### Data ###
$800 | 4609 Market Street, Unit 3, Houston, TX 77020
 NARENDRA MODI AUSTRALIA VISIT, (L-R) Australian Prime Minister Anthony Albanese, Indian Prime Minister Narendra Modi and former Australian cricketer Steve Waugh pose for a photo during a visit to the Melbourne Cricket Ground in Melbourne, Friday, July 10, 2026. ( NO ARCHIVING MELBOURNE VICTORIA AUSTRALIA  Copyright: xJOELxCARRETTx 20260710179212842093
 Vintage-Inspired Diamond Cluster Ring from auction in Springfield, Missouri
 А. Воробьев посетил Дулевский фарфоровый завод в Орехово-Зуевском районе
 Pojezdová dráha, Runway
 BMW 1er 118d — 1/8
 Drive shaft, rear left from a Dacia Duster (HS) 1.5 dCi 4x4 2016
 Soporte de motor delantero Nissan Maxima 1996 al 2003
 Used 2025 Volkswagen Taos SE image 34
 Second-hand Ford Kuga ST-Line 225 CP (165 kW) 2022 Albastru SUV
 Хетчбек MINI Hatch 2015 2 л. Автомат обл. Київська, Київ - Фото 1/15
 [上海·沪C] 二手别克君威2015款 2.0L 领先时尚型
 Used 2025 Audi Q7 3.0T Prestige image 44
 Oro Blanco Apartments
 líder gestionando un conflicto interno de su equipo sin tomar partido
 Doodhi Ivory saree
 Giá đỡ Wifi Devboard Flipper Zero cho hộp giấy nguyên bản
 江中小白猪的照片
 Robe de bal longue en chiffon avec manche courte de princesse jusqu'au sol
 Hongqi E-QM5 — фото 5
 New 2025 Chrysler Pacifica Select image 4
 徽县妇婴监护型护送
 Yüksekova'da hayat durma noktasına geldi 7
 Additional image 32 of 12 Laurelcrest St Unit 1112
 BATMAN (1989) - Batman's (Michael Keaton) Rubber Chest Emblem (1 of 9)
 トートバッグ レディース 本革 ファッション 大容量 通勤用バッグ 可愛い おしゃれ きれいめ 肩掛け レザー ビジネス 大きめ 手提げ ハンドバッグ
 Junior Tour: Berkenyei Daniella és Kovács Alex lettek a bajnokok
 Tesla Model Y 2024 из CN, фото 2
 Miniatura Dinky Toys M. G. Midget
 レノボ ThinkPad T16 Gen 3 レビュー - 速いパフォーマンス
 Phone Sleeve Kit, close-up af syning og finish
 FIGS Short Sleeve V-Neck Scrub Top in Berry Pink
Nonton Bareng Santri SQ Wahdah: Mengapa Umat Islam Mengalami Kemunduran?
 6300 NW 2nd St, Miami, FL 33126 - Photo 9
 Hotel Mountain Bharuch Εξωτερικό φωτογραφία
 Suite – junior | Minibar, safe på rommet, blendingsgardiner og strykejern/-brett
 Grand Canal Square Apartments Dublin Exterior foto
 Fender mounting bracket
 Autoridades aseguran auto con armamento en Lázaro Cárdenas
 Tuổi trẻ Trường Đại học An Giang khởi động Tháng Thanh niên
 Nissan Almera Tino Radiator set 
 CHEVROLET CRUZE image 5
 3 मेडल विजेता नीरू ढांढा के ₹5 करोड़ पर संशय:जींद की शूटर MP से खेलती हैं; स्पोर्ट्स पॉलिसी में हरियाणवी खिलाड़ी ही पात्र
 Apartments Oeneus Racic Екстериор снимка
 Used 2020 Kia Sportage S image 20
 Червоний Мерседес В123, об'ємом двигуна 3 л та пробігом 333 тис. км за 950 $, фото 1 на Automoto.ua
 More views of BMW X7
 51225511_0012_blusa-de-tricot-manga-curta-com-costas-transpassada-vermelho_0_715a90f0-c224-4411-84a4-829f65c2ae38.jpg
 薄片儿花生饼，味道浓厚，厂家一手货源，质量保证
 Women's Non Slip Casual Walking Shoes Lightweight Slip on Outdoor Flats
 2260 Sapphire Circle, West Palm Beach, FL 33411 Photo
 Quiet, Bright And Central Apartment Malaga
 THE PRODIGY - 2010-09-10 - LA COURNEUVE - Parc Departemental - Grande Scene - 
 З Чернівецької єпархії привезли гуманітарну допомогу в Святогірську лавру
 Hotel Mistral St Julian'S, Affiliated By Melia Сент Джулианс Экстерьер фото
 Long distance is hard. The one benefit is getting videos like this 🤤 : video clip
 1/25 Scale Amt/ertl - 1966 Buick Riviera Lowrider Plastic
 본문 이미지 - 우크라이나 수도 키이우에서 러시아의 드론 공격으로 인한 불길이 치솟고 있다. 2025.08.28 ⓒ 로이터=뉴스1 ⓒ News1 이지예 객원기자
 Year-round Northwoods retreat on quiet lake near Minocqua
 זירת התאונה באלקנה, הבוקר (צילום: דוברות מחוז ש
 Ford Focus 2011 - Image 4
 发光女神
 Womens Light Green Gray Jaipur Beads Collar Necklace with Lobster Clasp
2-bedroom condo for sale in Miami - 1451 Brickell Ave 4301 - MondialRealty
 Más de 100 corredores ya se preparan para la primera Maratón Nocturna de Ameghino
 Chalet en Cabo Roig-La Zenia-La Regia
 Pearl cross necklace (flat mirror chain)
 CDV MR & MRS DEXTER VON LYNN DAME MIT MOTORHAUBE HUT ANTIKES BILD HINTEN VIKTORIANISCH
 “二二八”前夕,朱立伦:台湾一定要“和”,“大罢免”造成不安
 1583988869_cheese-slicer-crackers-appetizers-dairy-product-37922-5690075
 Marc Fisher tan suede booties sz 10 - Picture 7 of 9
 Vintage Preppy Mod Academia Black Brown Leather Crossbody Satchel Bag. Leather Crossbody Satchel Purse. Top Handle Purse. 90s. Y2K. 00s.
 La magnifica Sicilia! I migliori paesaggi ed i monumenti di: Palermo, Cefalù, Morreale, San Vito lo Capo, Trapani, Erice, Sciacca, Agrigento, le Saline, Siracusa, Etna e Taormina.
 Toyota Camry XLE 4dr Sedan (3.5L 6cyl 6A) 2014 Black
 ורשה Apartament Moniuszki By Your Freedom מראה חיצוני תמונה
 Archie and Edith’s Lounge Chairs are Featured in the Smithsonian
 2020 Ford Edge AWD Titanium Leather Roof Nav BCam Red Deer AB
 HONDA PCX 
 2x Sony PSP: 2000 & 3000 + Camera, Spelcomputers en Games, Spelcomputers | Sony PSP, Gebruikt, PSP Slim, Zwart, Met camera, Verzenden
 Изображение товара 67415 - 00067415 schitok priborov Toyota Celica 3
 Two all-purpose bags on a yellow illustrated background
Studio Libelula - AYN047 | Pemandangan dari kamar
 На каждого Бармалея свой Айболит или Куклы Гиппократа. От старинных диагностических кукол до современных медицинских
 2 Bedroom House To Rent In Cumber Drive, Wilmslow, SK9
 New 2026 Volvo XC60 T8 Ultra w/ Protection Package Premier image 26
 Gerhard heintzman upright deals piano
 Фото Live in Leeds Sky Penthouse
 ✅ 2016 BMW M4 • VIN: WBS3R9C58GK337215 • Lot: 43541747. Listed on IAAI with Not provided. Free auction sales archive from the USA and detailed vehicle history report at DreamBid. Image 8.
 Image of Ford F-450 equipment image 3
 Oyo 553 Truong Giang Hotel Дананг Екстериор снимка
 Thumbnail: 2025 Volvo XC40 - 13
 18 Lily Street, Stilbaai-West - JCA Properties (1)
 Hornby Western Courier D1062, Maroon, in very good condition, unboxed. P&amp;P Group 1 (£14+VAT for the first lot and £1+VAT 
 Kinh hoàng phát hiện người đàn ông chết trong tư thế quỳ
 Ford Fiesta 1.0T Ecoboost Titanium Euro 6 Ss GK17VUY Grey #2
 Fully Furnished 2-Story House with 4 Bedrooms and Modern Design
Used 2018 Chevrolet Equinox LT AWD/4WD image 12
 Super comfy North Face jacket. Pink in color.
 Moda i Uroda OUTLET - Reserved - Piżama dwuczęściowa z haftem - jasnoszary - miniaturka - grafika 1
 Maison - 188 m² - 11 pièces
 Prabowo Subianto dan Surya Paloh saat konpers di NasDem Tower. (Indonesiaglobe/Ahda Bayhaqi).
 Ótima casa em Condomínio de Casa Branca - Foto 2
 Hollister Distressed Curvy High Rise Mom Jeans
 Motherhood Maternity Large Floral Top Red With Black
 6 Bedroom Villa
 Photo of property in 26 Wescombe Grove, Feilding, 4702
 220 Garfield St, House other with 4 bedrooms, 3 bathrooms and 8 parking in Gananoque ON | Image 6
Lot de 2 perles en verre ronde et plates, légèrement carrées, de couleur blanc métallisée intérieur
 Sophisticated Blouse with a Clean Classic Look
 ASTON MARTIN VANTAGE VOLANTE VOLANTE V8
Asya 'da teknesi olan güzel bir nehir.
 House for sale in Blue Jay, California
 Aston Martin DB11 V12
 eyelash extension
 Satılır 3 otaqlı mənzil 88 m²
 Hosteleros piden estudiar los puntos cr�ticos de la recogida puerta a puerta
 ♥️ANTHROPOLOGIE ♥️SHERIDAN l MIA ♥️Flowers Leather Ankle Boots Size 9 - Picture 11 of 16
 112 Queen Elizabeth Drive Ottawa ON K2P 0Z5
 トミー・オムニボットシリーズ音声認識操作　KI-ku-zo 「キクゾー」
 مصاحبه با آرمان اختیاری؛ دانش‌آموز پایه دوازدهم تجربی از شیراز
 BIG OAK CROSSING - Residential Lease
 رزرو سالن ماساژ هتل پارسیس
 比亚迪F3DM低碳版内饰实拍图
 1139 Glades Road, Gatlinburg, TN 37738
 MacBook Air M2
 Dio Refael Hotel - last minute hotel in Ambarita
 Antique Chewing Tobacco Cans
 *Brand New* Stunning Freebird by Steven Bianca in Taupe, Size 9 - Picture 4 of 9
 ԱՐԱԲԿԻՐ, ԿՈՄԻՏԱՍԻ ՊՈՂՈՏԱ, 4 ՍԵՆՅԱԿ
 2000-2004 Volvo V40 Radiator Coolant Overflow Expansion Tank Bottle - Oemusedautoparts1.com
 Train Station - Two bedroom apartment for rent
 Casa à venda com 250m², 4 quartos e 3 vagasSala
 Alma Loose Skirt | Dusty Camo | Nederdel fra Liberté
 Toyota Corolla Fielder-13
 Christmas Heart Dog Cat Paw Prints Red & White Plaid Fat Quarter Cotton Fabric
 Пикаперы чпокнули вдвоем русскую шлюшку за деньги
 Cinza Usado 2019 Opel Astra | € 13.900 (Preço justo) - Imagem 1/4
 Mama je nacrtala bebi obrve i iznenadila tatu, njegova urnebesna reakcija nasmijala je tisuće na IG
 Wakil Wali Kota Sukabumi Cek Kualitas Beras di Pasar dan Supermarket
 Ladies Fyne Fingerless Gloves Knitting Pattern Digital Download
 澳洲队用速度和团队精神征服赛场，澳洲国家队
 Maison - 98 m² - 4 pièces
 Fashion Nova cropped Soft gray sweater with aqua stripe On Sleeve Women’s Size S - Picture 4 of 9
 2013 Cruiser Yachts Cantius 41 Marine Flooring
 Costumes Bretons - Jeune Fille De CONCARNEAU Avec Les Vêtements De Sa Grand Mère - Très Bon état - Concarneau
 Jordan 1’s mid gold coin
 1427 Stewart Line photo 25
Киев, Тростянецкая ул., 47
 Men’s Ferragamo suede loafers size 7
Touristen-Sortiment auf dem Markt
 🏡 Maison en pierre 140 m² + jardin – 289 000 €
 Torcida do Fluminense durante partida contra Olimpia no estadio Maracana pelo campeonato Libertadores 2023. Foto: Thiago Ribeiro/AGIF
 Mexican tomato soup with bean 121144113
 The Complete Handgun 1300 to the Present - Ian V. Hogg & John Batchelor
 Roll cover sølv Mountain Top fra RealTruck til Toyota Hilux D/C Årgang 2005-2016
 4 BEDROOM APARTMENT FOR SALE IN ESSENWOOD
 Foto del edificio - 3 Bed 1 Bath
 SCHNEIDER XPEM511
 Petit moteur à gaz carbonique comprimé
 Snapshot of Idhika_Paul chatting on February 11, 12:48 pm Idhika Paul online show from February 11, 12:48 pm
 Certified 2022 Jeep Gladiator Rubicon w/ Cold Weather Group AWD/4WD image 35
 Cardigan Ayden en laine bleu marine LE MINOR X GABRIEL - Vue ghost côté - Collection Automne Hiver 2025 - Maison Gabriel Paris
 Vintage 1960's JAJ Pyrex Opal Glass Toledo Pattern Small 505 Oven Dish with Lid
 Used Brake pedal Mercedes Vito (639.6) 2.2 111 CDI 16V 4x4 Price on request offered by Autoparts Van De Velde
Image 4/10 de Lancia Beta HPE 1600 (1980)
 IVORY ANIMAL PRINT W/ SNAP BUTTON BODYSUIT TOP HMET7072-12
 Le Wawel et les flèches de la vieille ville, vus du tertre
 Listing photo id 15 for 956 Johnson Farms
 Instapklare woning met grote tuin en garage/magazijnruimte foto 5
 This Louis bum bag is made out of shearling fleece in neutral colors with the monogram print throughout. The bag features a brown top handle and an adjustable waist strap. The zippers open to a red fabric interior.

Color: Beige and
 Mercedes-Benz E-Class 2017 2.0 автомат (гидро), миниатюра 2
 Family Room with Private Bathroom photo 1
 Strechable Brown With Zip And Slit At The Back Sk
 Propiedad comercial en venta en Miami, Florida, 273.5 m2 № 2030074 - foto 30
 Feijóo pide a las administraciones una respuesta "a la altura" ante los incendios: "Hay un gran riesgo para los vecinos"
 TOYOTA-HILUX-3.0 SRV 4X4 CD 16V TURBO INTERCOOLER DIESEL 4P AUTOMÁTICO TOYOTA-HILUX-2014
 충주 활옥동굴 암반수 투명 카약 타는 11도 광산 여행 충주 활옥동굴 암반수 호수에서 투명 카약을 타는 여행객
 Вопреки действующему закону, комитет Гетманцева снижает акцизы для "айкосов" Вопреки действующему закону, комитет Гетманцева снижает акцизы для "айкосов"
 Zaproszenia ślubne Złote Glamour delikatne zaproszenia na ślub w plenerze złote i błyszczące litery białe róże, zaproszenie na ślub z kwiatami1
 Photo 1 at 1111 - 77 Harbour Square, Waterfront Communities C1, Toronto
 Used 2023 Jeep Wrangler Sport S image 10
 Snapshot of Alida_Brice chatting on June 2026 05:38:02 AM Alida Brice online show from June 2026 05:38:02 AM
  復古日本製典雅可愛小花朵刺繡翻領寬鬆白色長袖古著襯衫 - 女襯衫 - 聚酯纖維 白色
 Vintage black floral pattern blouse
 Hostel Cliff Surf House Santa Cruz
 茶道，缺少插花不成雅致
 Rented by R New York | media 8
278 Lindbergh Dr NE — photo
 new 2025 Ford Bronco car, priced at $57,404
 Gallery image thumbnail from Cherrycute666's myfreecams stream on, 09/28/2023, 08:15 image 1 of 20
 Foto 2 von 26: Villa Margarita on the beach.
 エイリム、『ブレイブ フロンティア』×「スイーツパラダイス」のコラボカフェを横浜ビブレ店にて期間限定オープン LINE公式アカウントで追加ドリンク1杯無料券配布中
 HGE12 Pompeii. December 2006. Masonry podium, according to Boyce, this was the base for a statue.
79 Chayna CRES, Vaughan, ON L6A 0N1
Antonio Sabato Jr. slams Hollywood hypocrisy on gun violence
###
- [Work to be completed]: Starting at the line above that holds "Archie and Edith’s" and ending at the line that holds "Изображение товара 67415", transcribe each line exactly and include no other lines.

- [Response area]:
 Archie and Edith’s Lounge Chairs are Featured in the Smithsonian
 2020 Ford Edge AWD Titanium Leather Roof Nav BCam Red Deer AB
 HONDA PCX 
 2x Sony PSP: 2000 & 3000 + Camera, Spelcomputers en Games, Spelcomputers | Sony PSP, Gebruikt, PSP Slim, Zwart, Met camera, Verzenden
 Изображение товара 67415 - 00067415 schitok priborov Toyota Celica 3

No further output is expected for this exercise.